* **Your task**
From the records that follow, copy every line that contains the word "just".

* **Dataset excerpts**
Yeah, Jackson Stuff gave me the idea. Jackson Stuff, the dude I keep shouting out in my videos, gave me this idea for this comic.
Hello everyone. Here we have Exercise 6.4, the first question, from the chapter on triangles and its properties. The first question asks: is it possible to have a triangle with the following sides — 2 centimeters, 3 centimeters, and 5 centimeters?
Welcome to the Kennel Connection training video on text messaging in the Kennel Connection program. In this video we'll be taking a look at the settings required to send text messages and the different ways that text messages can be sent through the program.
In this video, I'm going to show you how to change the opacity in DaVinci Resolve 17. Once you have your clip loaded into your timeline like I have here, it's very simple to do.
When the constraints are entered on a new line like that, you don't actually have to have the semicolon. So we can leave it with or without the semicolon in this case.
==
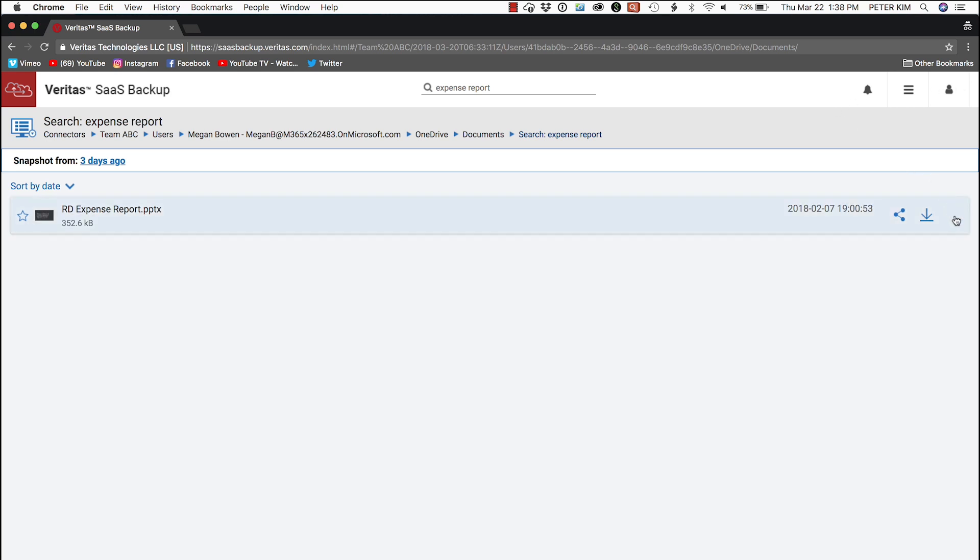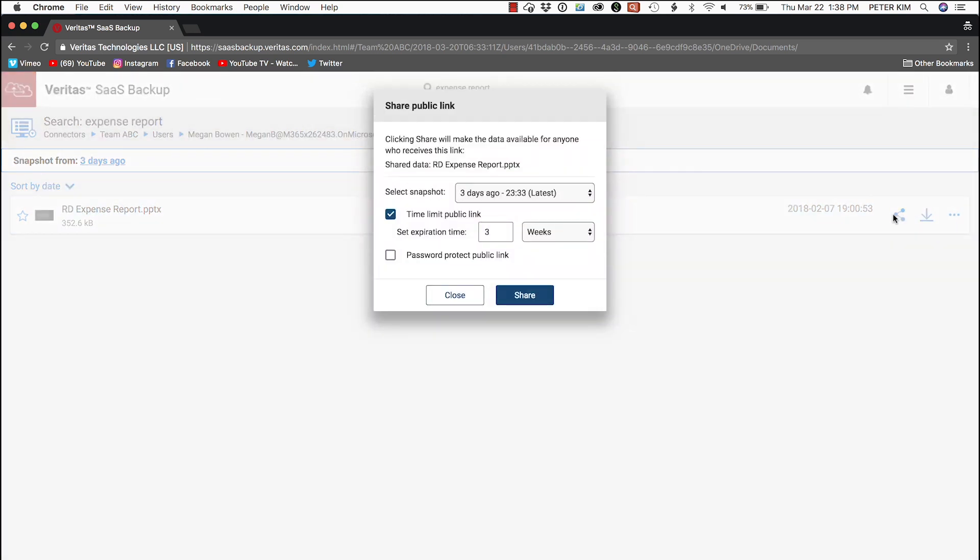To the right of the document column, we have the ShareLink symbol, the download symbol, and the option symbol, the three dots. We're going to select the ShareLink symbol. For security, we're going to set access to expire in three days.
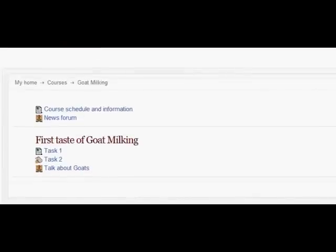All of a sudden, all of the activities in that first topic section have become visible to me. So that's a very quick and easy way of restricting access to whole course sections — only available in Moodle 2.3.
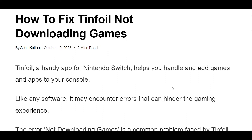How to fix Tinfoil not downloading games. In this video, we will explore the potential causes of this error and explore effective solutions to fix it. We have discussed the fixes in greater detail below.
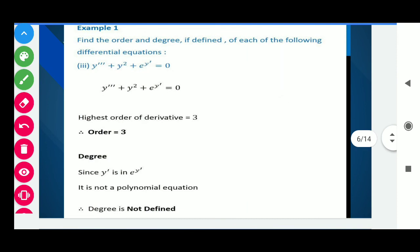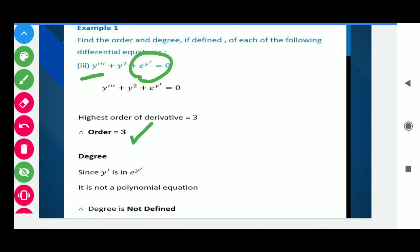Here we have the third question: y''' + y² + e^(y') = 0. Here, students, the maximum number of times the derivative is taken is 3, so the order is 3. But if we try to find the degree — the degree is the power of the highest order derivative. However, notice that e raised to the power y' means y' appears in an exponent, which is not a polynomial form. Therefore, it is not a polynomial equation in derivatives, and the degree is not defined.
...
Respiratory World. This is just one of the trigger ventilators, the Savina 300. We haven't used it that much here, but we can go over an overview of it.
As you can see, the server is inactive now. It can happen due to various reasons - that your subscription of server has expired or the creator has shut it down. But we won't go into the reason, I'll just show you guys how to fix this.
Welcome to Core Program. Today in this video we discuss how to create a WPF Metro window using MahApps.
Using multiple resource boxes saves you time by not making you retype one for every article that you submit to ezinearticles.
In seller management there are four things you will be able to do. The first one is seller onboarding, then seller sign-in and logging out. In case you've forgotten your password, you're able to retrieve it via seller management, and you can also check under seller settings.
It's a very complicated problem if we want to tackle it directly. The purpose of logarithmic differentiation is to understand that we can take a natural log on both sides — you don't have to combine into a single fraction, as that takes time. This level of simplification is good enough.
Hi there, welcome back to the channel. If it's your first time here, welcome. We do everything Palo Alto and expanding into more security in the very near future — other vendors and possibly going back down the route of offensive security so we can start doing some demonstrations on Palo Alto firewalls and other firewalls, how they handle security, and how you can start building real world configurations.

* **Response**
Respiratory World. This is just one of the trigger ventilators, the Savina 300. We haven't used it that much here, but we can go over an overview of it.
As you can see, the server is inactive now. It can happen due to various reasons - that your subscription of server has expired or the creator has shut it down. But we won't go into the reason, I'll just show you guys how to fix this.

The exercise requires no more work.